I soldi spesi per finanziare questo progetto militare, infatti, provengono dalle tasche degli italiani: ma dove vanno a finire? Chi è davvero che ci guadagna?
"All’interno della base aerea di Cameri deve essere costruito un capannone che si chiamerà FACO e destinato all’assemblaggio dei vari pezzi di aereo. Questi verranno costruiti in diverse ditte della Finmeccanica, Holding italiana nei settori dell’aeronautica, dell’elicotteristica, dello spazio e della difesa, sparse su tutto il territorio nazionale. Ci sono cioè una serie di fabbriche, legate alla Finmeccanica e dislocate in varie città italiane, da cui arriveranno i vari pezzi degli aerei che saranno poi assemblati a Cameri. Alla ditta Maltauro di Vicenza, invece, hanno dato l’appalto per iniziare a costruire questo capannone: un appalto da 250 milioni di euro per costruire un capannone in un’area demaniale. Praticamente è tutto nelle mani di ditte private ed è davvero una cosa anomala considerando che i soldi ce li mettono gli italiani. Anche per questo riteniamo che la notizia debba circolare nel Paese".
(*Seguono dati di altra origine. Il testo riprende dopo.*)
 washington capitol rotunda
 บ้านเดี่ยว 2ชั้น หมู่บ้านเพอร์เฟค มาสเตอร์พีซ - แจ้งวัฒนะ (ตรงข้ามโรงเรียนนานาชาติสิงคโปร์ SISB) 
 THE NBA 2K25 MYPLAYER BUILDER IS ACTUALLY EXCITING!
Voi riuscite, come organizzazione che si oppone a questo progetto, a dialogare con i politici? Ad avere un confronto per esprimere le vostre perplessità?
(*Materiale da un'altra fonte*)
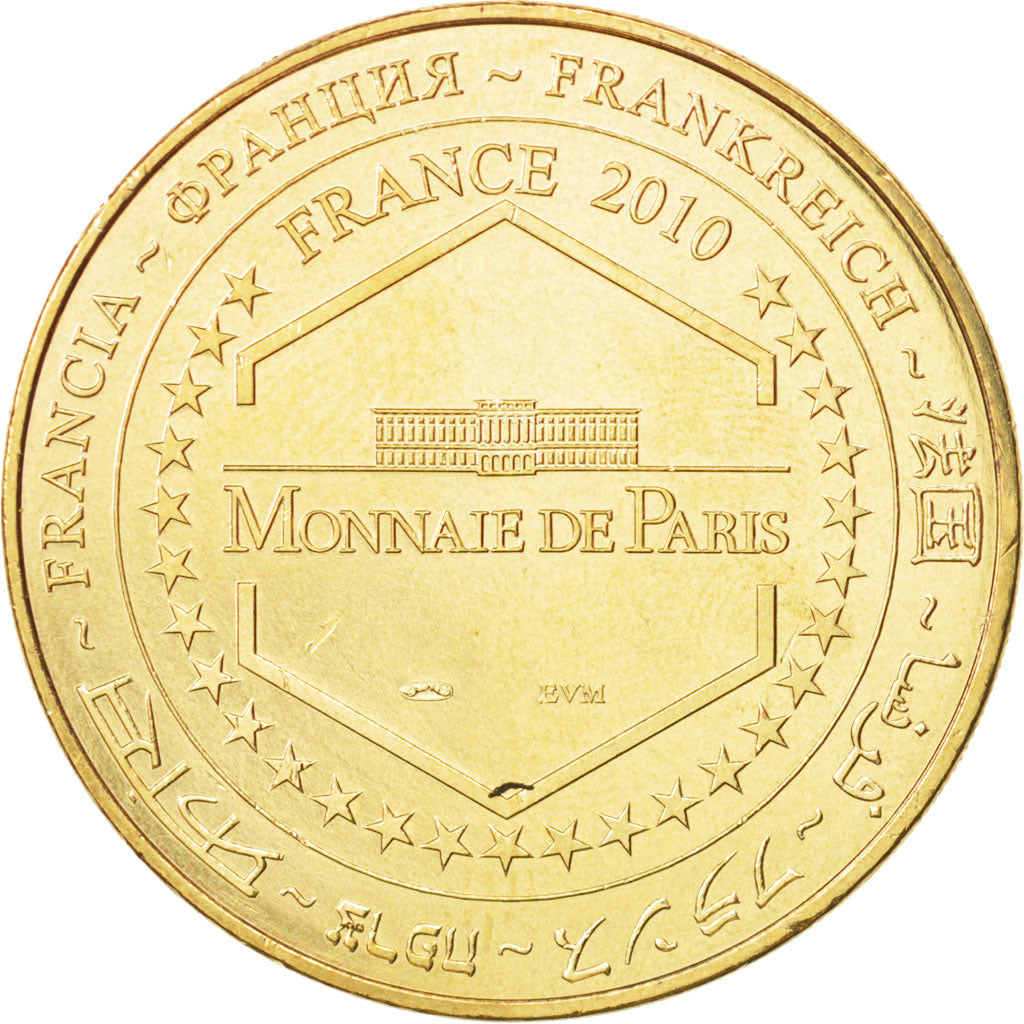 France, Token, Tourist Token, 20/ Golfe de Porto, 2010, Monnaie de Paris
"No, i politici sono tutti trasversalmente d’accordo. Adesso alcuni di loro cominciano a criticare l’eccesso delle spese militari che effettua il nostro Paese. In ogni caso il progetto è stato approvato, che è quello che conta".
Il progetto, tra l’altro, è stato approvato l’8 aprile 2009, cioè due giorni dopo il terremoto che ha distrutto l’Abruzzo. Proprio vari politici dissero che per la ricostruzione sarebbero stati necessari circa 13 miliardi di euro, la stessa cifra che è stata spesa per l’acquisto dei caccia bombardieri. L’Aquila però è ancora in ginocchio… "Noi infatti stiamo raccogliendo delle firme, anche tramite il sito della nostra associazione, nof35, affinché questi soldi siano destinati alla ricostruzione dell’Abruzzo, per il quale hanno detto che mancano i fondi: i fondi, se vogliono, ci sono eccome".